Hi Raphael,
I work on Integration related questions here and support the PaaS-tier services that you have listed out above, and Travis pinged me about this post and I'm making my response as an answer as we currently have 1000 character limit on comments on this channel. In short, your understanding is correct and that is a valid point of view. Upon reading your post, the following statement stands out to me with the two key phrases:
In our case, we will manipulate sensitive data in an integration scenario between 2 Microsoft cloud solutions for internal use only...
For securing sensitive data, you'll want network security and true isolation from the rest of the tenants on public Azure. Most enterprise/government-level compliance controls will require such isolation, and VNET integration is the feature that is offered from (mostly) the Premium SKUs of the PaaS-tier offerings above. Note that because of the PaaS nature of these services, you'll find some of them needing to use certain network ports and/or establish connectivity to other PaaS services (i.e: Storage, for telemetry-gathering, or pushing updates etc..) outside of your VNET (configured by you during VNET integration) under the covers for utility purposes. For example, Azure Functions requires connectivity to a Storage Account in order for it to run properly and offer its features (although the ability to isolate the storage solution in a VNET is coming very soon too). If you run into this type of issue and find your security requirements in conflict, feel free to open a new post here with the specific details, and rest assured as we have documentations and teams of engineers available to help and provide the necessary assistance. Alternatively, you may also choose to self-host these PaaS runtimes and run them in your own microservice architecture of your choice for greater control too, if need be.

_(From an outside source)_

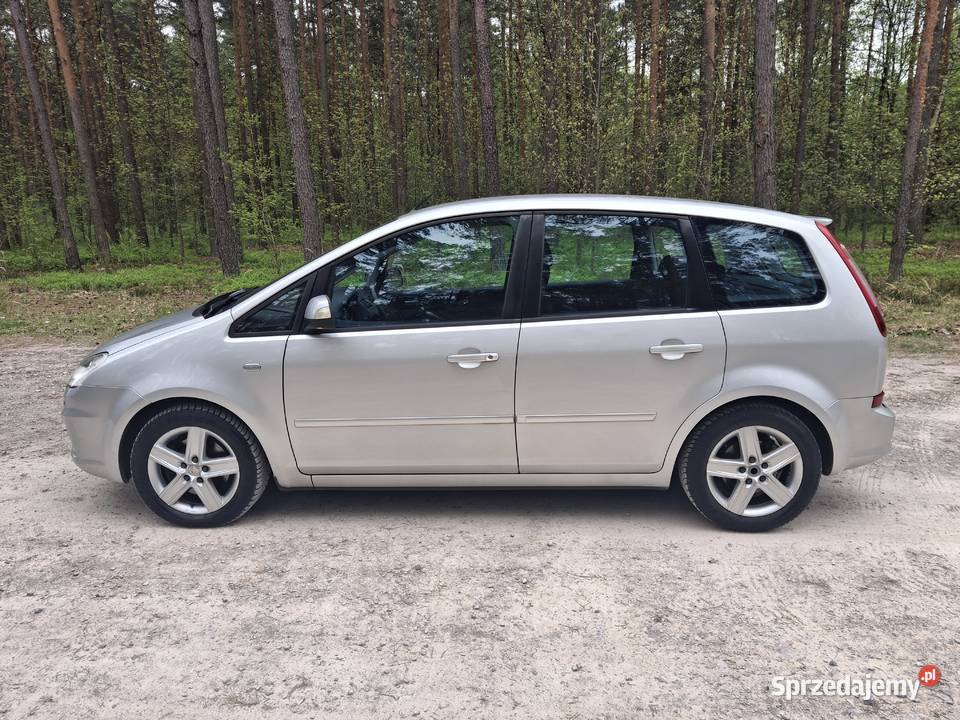 Ford C 145KM Radoszyce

As for the internal-only use, I would probably throw in Azure Policy to be used in conjunction with RBAC for more automatic prevention. And of course, you can always look to use OAuth/OpenID Connect flows for any AuthN/Z scenarios between user-to-service, service-to-service communications. There are also Managed Identity and KeyVault integration which are all supported with the services listed above.. depending on your budget, requirements. Hope this is helpful, let me know if any questions.